The new year has started out with winds and rain, making it hard for those fishers to go out who are still fishing for crab and bottom fish in our local waters. This is a slack time for fishing, a time to get ready for future fishing seasons.

With the closure of K-C Fish Co, (the former C-K Fish Co.), the only fish buyer left at the Blaine harbor, other than for crab, is Boundary Fish Co.

There are not many commercial fishing boats left in our harbor, and the federal and state closures of fishing grounds and fishing seasons makes it harder all the time to make a living commercial fishing here.

A way of life which has gone on for over 100 years in our state is fast coming to an end. The old bumper sticker “Commercial Fishing – an Endangered Species” is something we are facing now.

My father made his living as a commercial fisherman. He fished in Alaska and off the Washington coast for bottom fish, and when he was headed home, he would radio in to mom via ship-to-shore phone to let her know about when to expect him.

When I was a young girl, my mother would pack up my sister and I in the car, and drive out to the end of the dock on Marine Drive to watch for dad’s boat, the Dakota, to come in to port.

We would wait at the end of the dock, it seemed usually in the dark, with wind and rain, watching for the Dakota to come in.

First you would see the mast lights, then the running lights as the boat got closer, and as they passed the dock, the crew would wave and mom would flash her headlights, and then we’d head for the float where dad would be docking. When he went back out for the next trip, we’d go to the end of the dock to see them off again.

When I was in high school, and had my drivers license, I’d go to the end of the dock to watch the boats come in, see the sunsets, and visit with my girlfriend in the car. It was a place to go that was familiar.

After I was married and had my children, we’d go to the end of the dock so they could fish for crab or bullheads off the end of the pier. My sons enjoyed bringing friends along and would spend hours baiting their crab pots and hoping to catch a crab – and often they did!

I still like to go down to the end of the dock and watch the boats come in, see the sea birds, and watch sunsets over the water. My husband is now unable to walk very far, and without being able to drive to the end of the dock, he would not be able to get there.
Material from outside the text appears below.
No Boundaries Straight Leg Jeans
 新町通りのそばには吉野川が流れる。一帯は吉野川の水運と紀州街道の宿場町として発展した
The Port of Bellingham is planning to close the end of the dock to all automobile traffic, with parking where the old Harbor Cafe used to be, and the only access would be to walk from there to the end of the dock.
I would certainly miss being able to have the shelter of my car during our nine months of rain and windy weather.

I wouldn’t be able to take my small grandchildren to the end of the dock, as I have to have someplace to keep them contained and warm.
How many others think the same as I do? If you want to keep our dock open for automobile access, this is the time to speak up.

The decision will be made soon – possibly this month. Send a note to Sylvia Goodwin, at the Port of Bellingham, P.O. Box 1677, Bellingham, WA 98227-1677, or take your letter to the Port Harbor office in Blaine and ask them to send it on to Sylvia Goodwin.

I plan on sending her a copy of this column. I hope that I will be able to see you at the end of the dock one of these days, in my car!